この歌は言うまでもなく夕暮れ時の光景を歌った歌です。理由は簡単で、歌詞の随所に夕暮れ時を匂わせるワードが見られ、そしてメロディもどことなく寂しく切ない感じがするからです。「フィーリングじゃねえか!」と言われそうですが、まさにそうなんです。


そもそも歌というものは「こういう感じがする」「なんかこの辺いいリズムだ」「歌うと楽しくなってくる」というように、体で感じ取るものだと私は考えています。文字を眺めて色々解釈したいなら、それは詩にすればいいわけで、わざわざ「曲」にする意味がありません。「曲」にする最大のメリットは、言葉にメロディがのることです。文字だけでは伝えきれなかったり、言い表せないような感情・情景・風情などの抽象的で「感覚的」なものを、言葉を曲にのせることで伝える表現方法が「曲」なわけです。


さて、話を元に戻しますと、この曲は「夕暮れ時」の、しかも恐らく「公園」の光景を歌ったものです。


  ホラ 寂しい広場では

  まるで算数を知らない子ども達が 砂を耳からこぼしているよ


夕暮れ時のどこか寂しい公園の砂場で、算数を習ったことのない幼児が砂まみれになって遊んでいる光景が目に浮かびます。
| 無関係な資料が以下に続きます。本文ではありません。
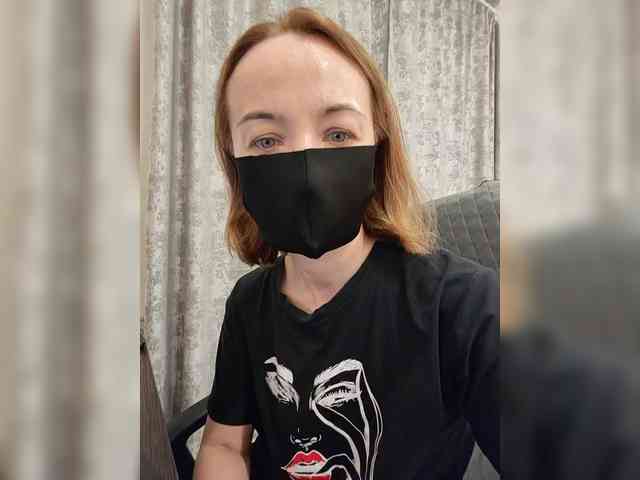 Viktoriya24 webcam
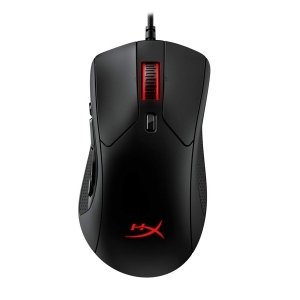 ماوس مخصوص بازی هایپرایکس  HyperX Pulsefire Surge - RGB Wired Optical Gaming Mouse  HX-MC005B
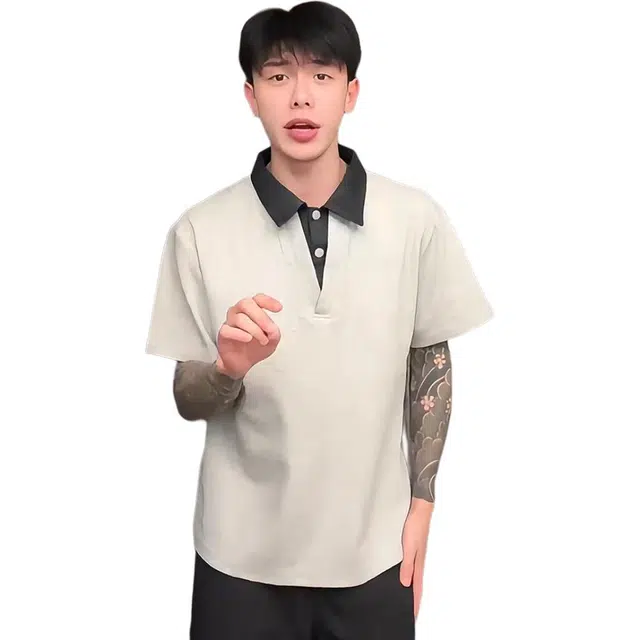 CORNILOT Polo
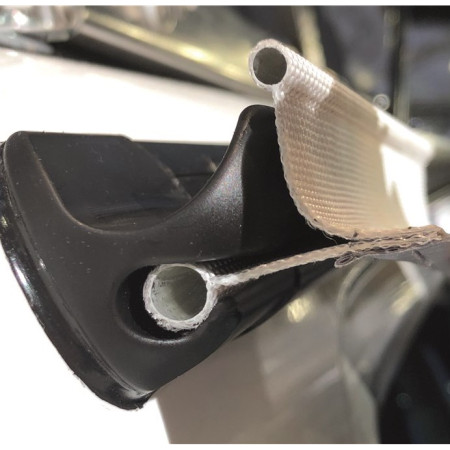 Lišta Outwell Dual Beading Set 7-7+5 mm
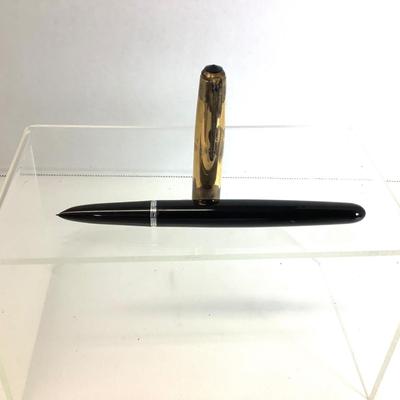 1135 Vintage Parker Vacumatic Fountain Pen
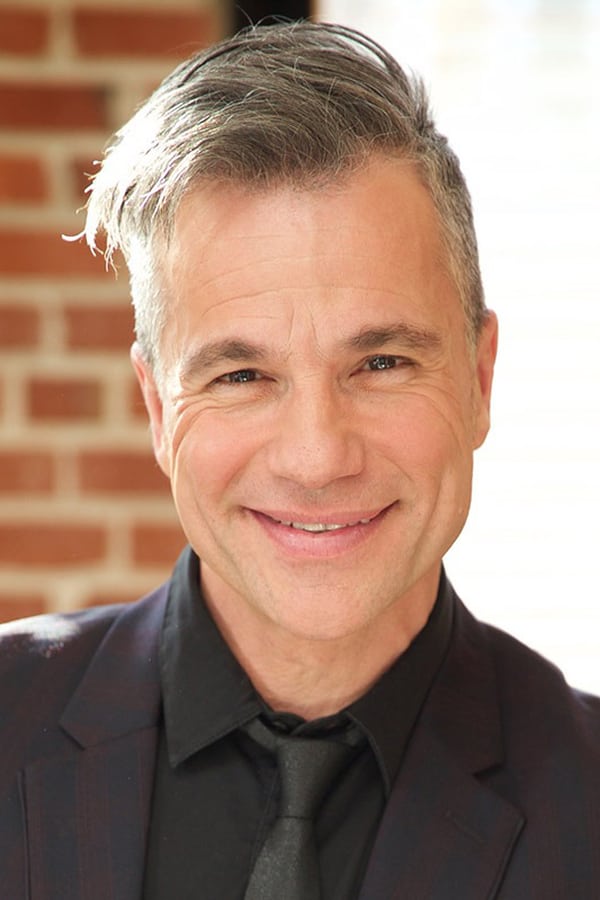 Image of Bruno Pelletier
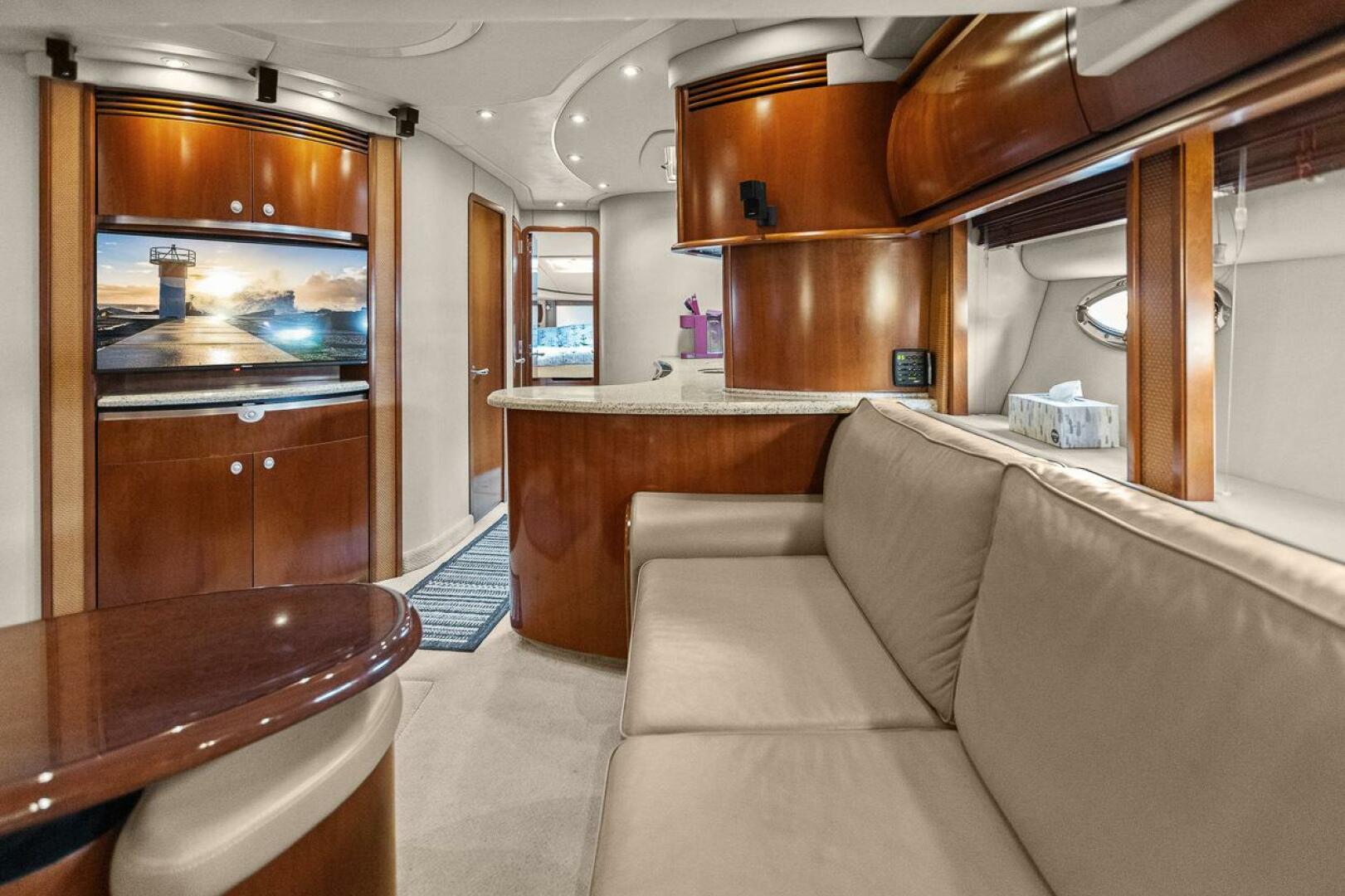 Slide: The Image of Sea Ray 500 Sundancer 2005 - 4678699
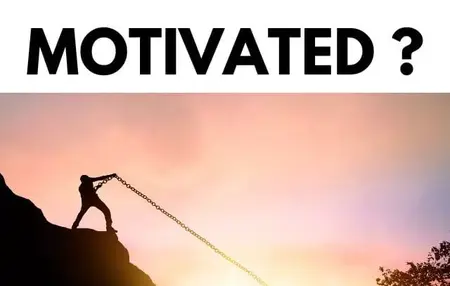 How to Stay Motivated When You're Feeling Down
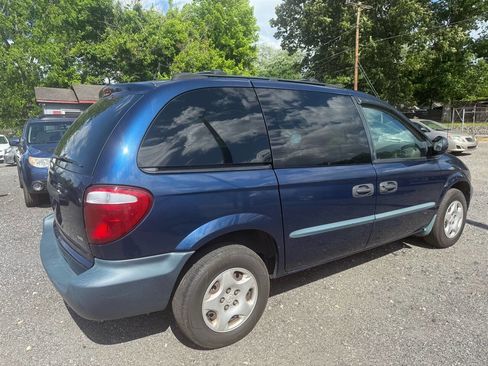 Used 2002 Dodge Caravan SE FWD image 26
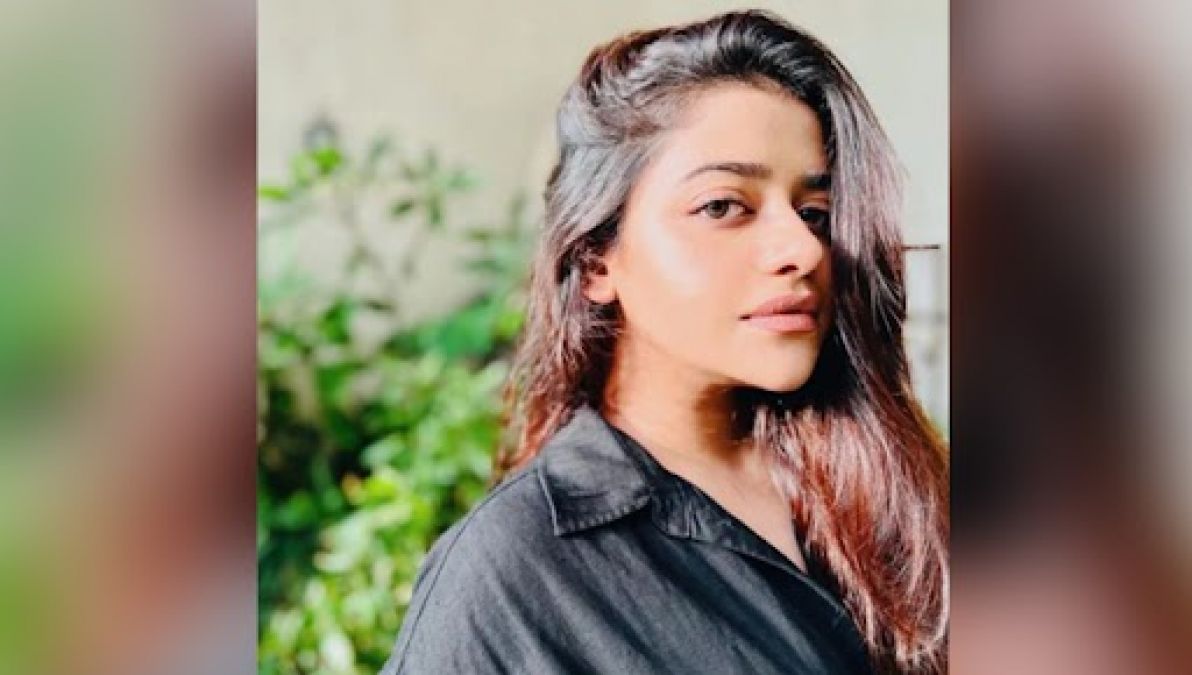 Ravi Kishan's daughter who is going to step into the world of acting, you will be crazy to see the beauty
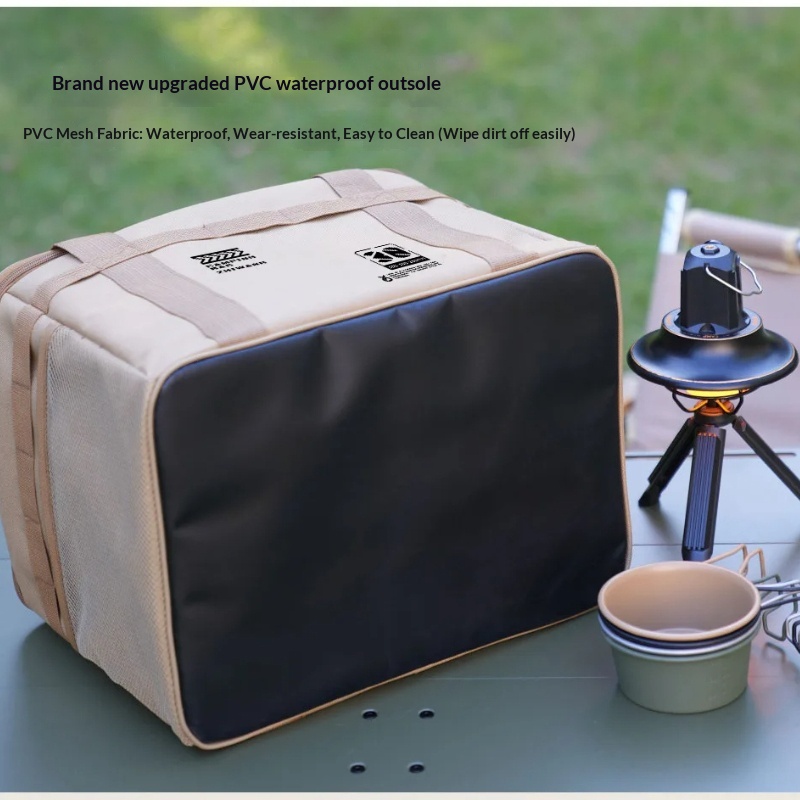 Tactical Camping Cookware Stor - Outdoor Camping Ute ulasan dan harga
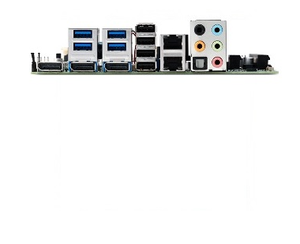 Adlinktech AmITX-SL-G Industrial Mini ITX Motherboard -32GB DDR4/Triple Display -PCIe for Industrial Automation-PCB Material Adv - Product Image 4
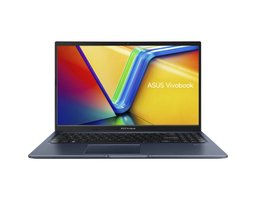 ASUS VivoBook 15 X1502VA-BQ924 (90NB10T1-M01890) Intel Core i7 13620H 2400MHz/15.6"/1920x1080/16GB/512GB SSD/Intel UHD Graphics/Wi-Fi/Bluetooth/Без ОС Blue
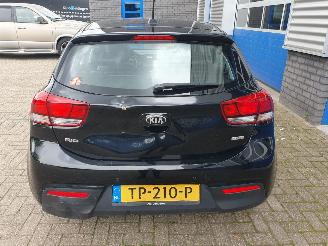 Kia Rio 1.0 TGDI Design Edition picture 4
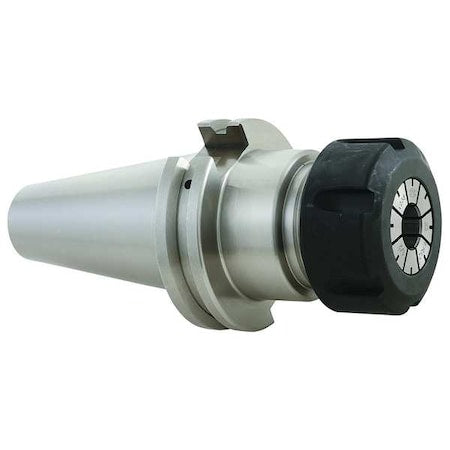 Collet Chuck, V-Flange, CAT40, ER32, 2.760in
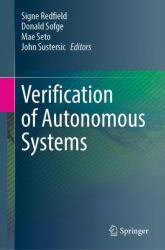 Verification of Autonomous Systems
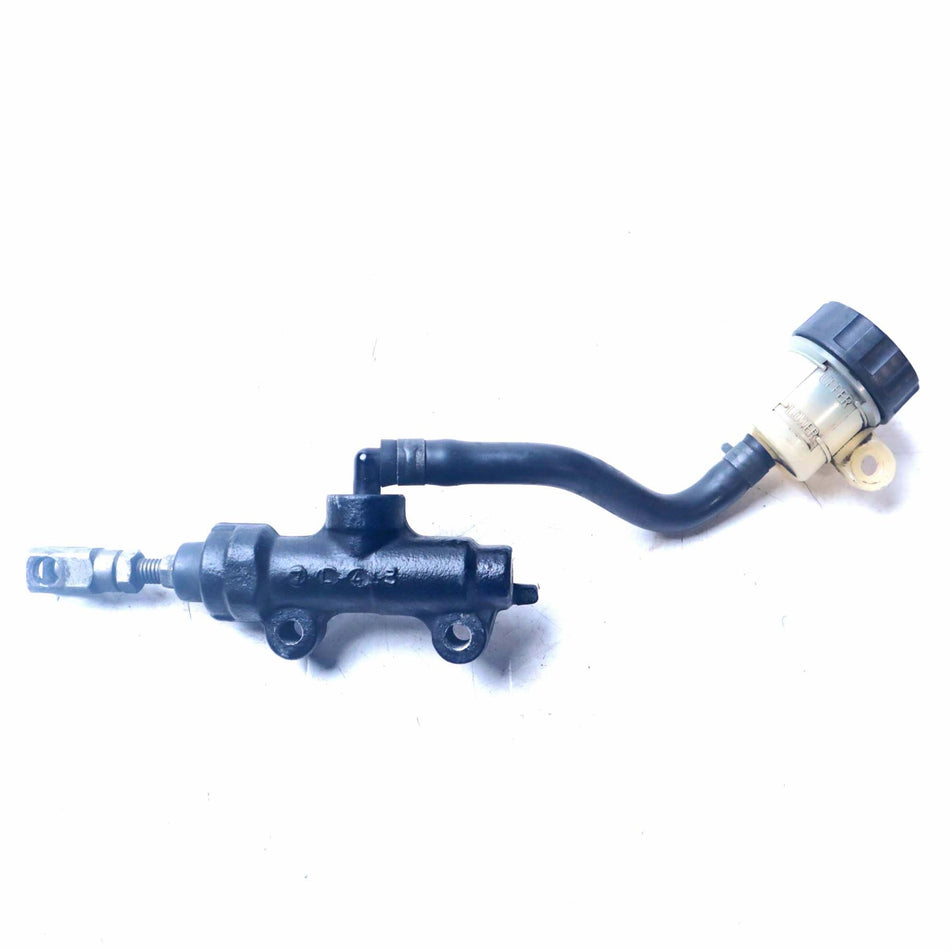 2008 Triumph Street Triple 675 Rear Brake Master Cylinder - T2024072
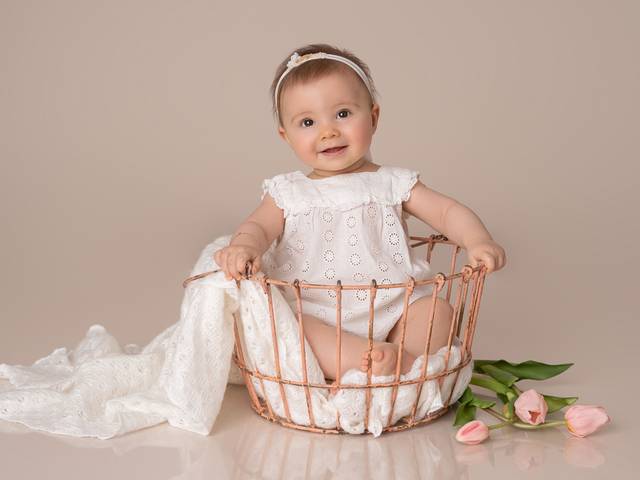 Baby / Smash de Benedita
ということは、これは夕暮れ時の公園にいて、そこで遊んでいる子供や周りの景色を眺めている人物(恐らくこの曲の作者である知久さん)の視点であることになります。

  

   ホラ もうそろそろだよ

   物理の成績の悪い子どもたちが 空中を歩き回る時刻


夕暮れ時、学生の下校時間。公園のベンチか何かでぼーっと眺めているこの人は、そろそろ学生が歩道橋の向こうから歩いてくる時刻だな〜なんて、ぼんやり思っています。「物理の成績の悪い」なんて決めつけてるところに、この人の「傍観者感」がよく出ています。確かに聞き慣れない表現ですが、不思議と「あーこんな感じの学生かな」と想像がつきます。うまい。


「子ども」という言葉も随所に出てきます。学校から帰ってくる子ども、砂場で遊ぶ子ども......。考えてみれば、「公園」という舞台も子どものものです。「ぼく」「君」といった言葉も子ども同士のやり取りを髣髴とさせます。何度も繰り返される「ぼくらは生まれつき体のない子どもたち」という一文。これで曲が終わっていることを考えると、やはり少なくとも「子ども」はこの曲のキーワードであると思われます。


では問題の「ここに今......」と「ぼくらは生まれつき......」は何なんだという話になります。この二つは何かしら意味があると思われます。曲の中で何度か繰り返されていますし、少なくとも聞き手に印象付けたい部分であることは確かです。


   ここに今ぼくがいないこと誰も知らなくて

   そっと教えてあげたくて君を待っている


この部分単体で考えると意味がわからなくなりますが、公園の歌、子どもの歌であるということを考えれば、単にかくれんぼをしている子どもたちの描写に見えます。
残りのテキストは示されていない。